Workshop Proceedings of the 20th International
AAAI Conference on Web and Social Media
Workshop: Digital Minds 2026:Assessing the interplay of social media on mental health
DOI: 10.36190/2026.23Large language models are increasingly integrated into online information environments, including contexts where people seek information about sensitive and potentially harmful topics related to mental health. As these systems mediate access to such content, their safety mechanisms become part of the digital conditions shaping user risk and protection. In this paper, we use a diagnostic audit to examine how multilingual safety operates within this mediated environment. Using a two-stage, poem-based obfuscation method, we analyze responses from three frontier language models to harm-related queries in English, Spanish, and Hindi across three domains, including self-harm.

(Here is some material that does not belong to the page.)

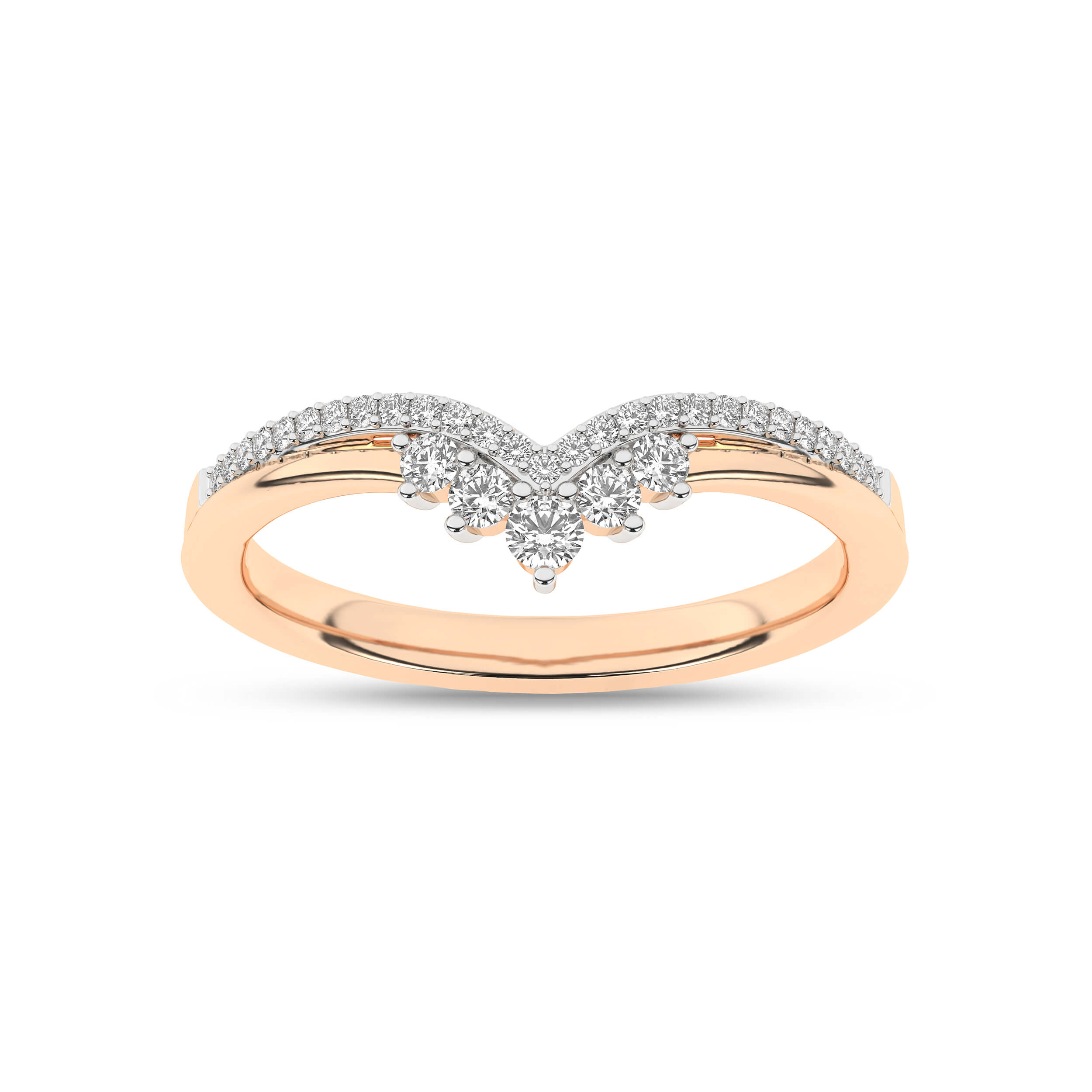 Inel din Aur Roz 14K cu Diamante, articol RF16788, previzualizare foto 1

The audit suggests that safety outcomes do not follow a simple hierarchy in which lower-resourced languages are consistently less protected. Instead, relative levels of protection vary by both language and model, with patterns that shift across systems and harm categories. This indicates that multilingual safety reflects model-specific alignment and design choices rather than inherent linguistic resource differences. From a digital mental health perspective, this finding has important implications for equity. Users seeking information during vulnerable moments may encounter different levels of protection depending not only on the language they use, but also on which AI system mediates their access. We argue that understanding mental health risk in online environments requires examining LLM safeguards as part of a broader ecosystem of digital mediation, moderation, and risk governance.